On May 1, 2017, the New York Stock Exchange LLC (“NYSE” or “Exchange”) filed with the Securities and Exchange Commission (“Commission”), pursuant to Section 19(b)(1) of the Securities Exchange Act of 1934 (“Act”) [1] and Rule 19b-4 thereunder,[2] a proposed rule change to amend listing standards for Special Purpose Acquisition Companies (“SPACs”) [3] to amend the Exchange's listing standards with respect to its shareholder vote requirement for approval of a Business Combination. The proposed rule change was published for comment in the Federal Register on May 19, 2017.[4] On May 23, 2017, NYSE filed Amendment No. 1 with the Commission to amend and restate its proposal to, among other things, require a majority of a SPAC's independent directors to approve a Business Combination, until a SPAC has satisfied the Business Combination condition.[5] The Commission received no comments on the proposal. The Commission is publishing this notice on Amendment No. 1 and approving the proposed rule change, as modified by Amendment No. 1, on an accelerated basis.

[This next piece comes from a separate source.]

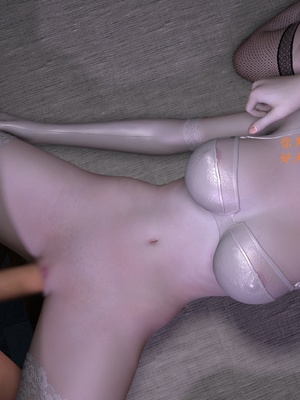 [VAM4K]女友和闺蜜_035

II. Description of the Proposal, as Modified by Amendment No. 1

A. General Background on SPACs

A SPAC is a special purpose company that raises capital in an initial public offering (“IPO”) to enter into future undetermined business combinations (a “Business Combination”) through mergers, capital stock exchanges, assets acquisitions, stock purchases, reorganizations or similar business combinations with one or more operating businesses or assets with a fair market value equal to at least 80% of the net assets of the SPAC held in trust (“Business Combination Condition”). Section 102.06 of the Manual sets forth the listing standards that apply to SPACs. In addition to requiring SPACs to meet certain quantitative standards, Section 102.06 of the Manual provides additional investor protection safeguards for shareholders investing in SPACs.[6]

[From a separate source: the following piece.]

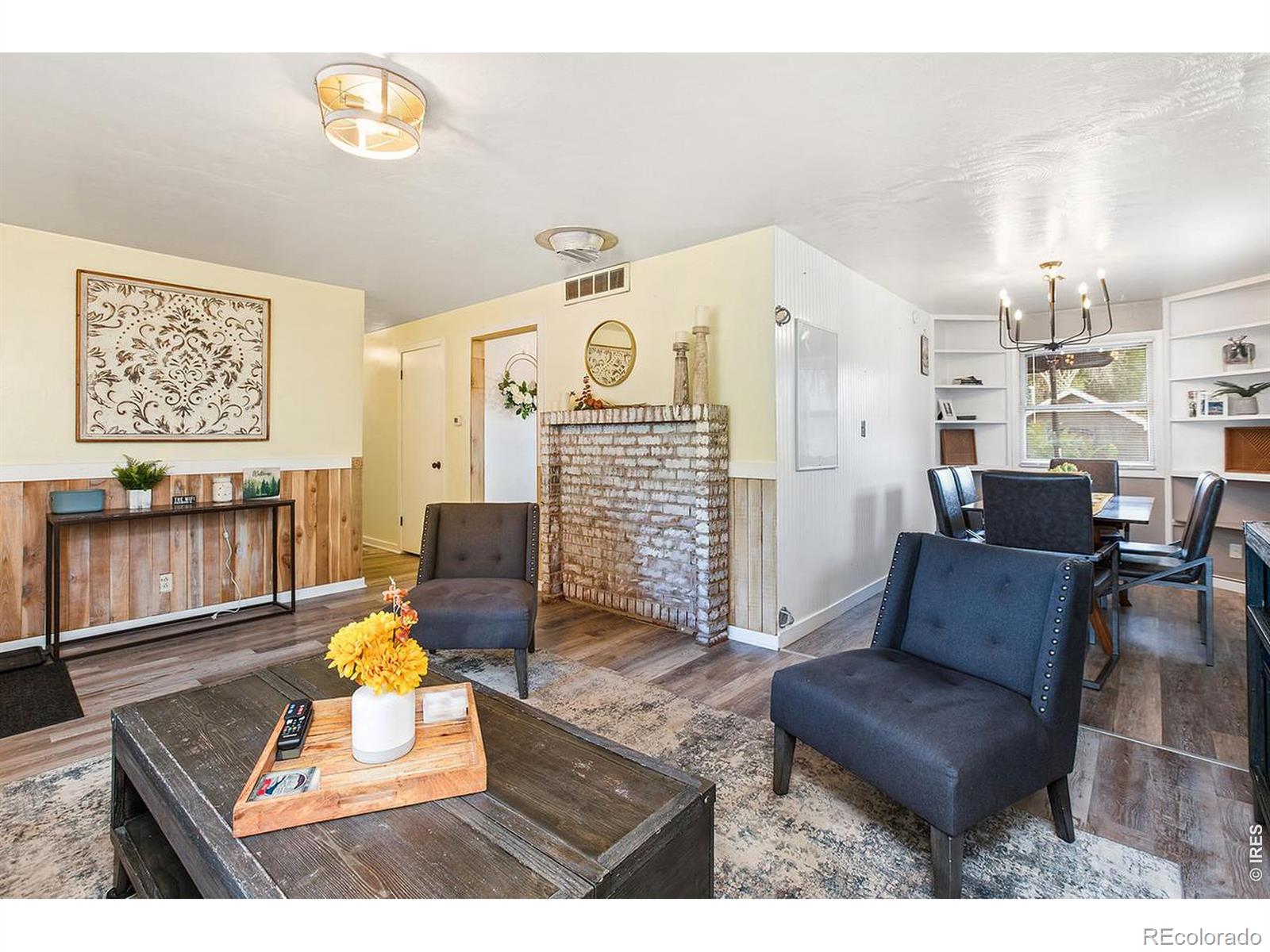 MLS Image #8 for 1064 e 1st street,loveland, Colorado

B. Proposed Change to Shareholder Vote Requirements

Section 102.06 of the Manual sets forth, among other things, the approval process of SPAC Business Combinations. If the SPAC holds a shareholder vote on a Business Combination for which the SPAC must file and furnish a proxy or information statement subject to Regulation 14A or 14C under the Act in advance of the shareholding meeting, the Business Combination must be approved by a majority of the votes cast by public shareholders at the shareholder meeting at which the Business Combination is being considered.[7] Until the Business Combination Condition is met each Business Combination of a SPAC, utilizing the voting option,[8] must be approved by a majority of the public shareholders. The Exchange proposes to amend the approval requirement from a majority of the votes cast by public shareholders to a majority of the votes cast at the shareholder meeting at which the Business Combination is being considered.

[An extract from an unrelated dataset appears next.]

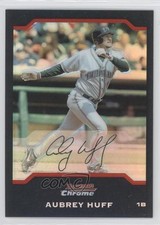 Click to enlarge Aubrey Huff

C. Proposed Change To Require Independent Director Approval

The Exchange, in Amendment No. 1, also proposed to add a new requirement that each Business Combination to be approved by a majority of the SPAC's independent directors, until the SPAC satisfies the Business Combination Condition. The Exchange also made some clarifying changes to its proposal.[9]

The Exchange represented that its amended proposal would harmonize its SPAC listing standards with those of the NASDAQ Stock Market and NYSE MKT. NYSE stated that both the NASDAQ Stock Market and NYSE MKT have comparable voting and independent director requirements for SPACs as those being proposed by the Exchange in the amended filing.[10]

III. Solicitation of Comments on Amendment No. 1

Interested persons are invited to submit written data, views, and arguments concerning the foregoing, including whether Amendment No. 1 is consistent with the Act. Comments may be submitted by any of the following methods:

Electronic Comments

Paper Comments

  • Send paper comments in triplicate to Brent J. Fields, Secretary, Securities and Exchange Commission, 100 F Street NE., Washington, DC 20549-1090.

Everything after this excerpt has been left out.